Two days after the unveiling, the memorial wall was vandalized and that message was reduced to a cryptic jumble of words because some disrespectful idiot pried 22 of the letters off the wall. Stupid, pointless, inexcusable. No reason could justify such action. The remaining letters have since been removed because the incomplete message was confusing to visitors. The builder of the memorial hopes to have new letters made and the memorial repaired later this month.

I have a thing for memorials and monuments. I am proud to have worked on the dedication events for South Dakota’s World War II, Korean War and Vietnam War Veterans Memorials. When I travel, I visit memorial sites when I have the opportunity. And several times a year, I make random donations to small communities who are raising funds for local memorials whether they be for veterans, founders, or in celebration of a community surviving 100 years of existence on the Midwestern prairie.

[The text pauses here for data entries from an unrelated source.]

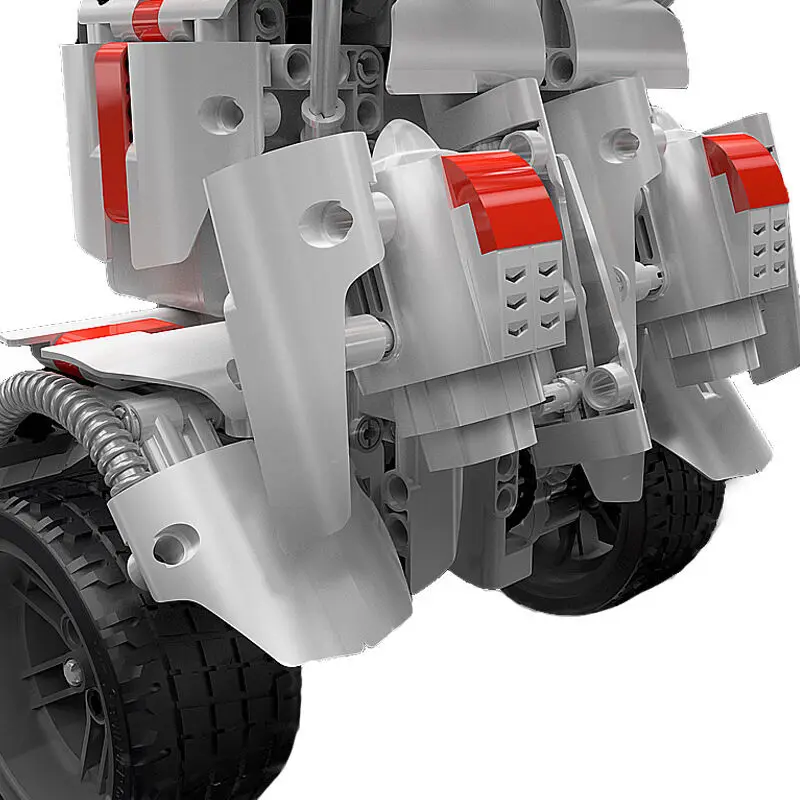 В наличии Xiaomi MITU Mi Robot Builder STEM игрушки для детей Беспроводное управление модульное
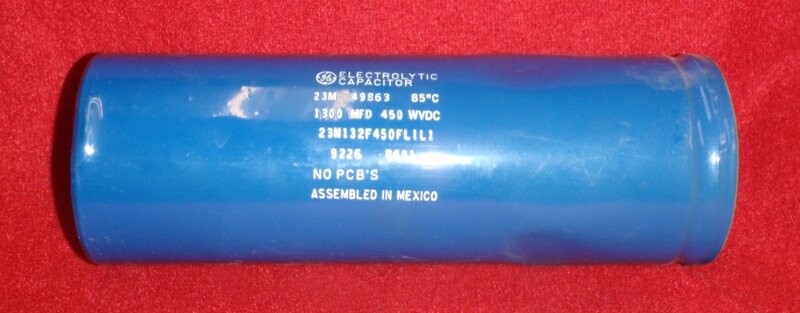 GE 23M132F450FL1L1 Electrolytic Capacitor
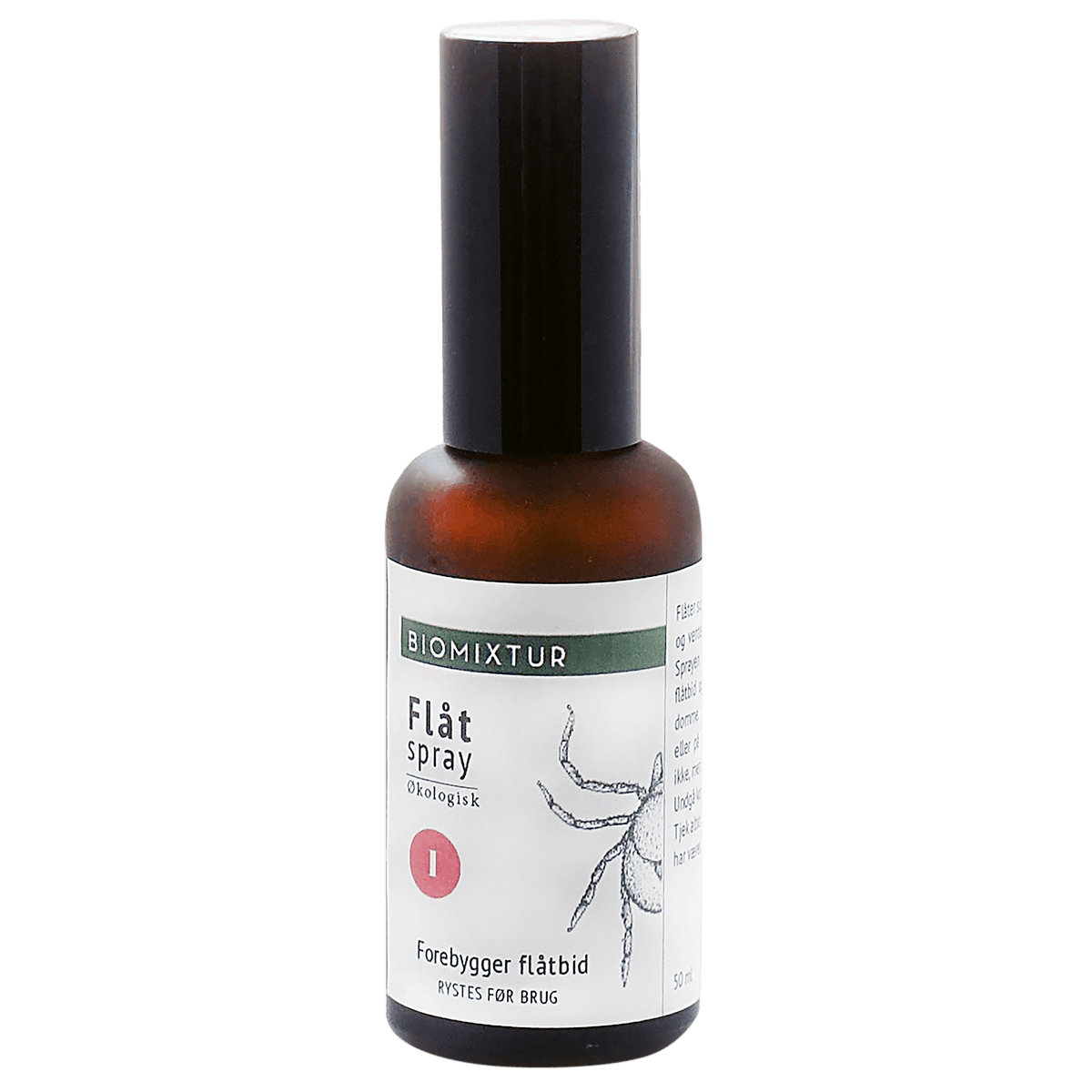 Biomixtur Flåtspray | 50 ml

Memorials are erected in honor of the famous and the nameless, in recognition of victories and losses, to celebrate histories and inspire futures. But they all have the same purpose: to make us remember. So to the I-35W Memorial vandal, when they catch you (and they will), how will you be remembered? As the jerk who defaced a memorial to the dead and a tribute to the living.

Have a memorial or monument that has special meaning to you? I’d love to hear about it!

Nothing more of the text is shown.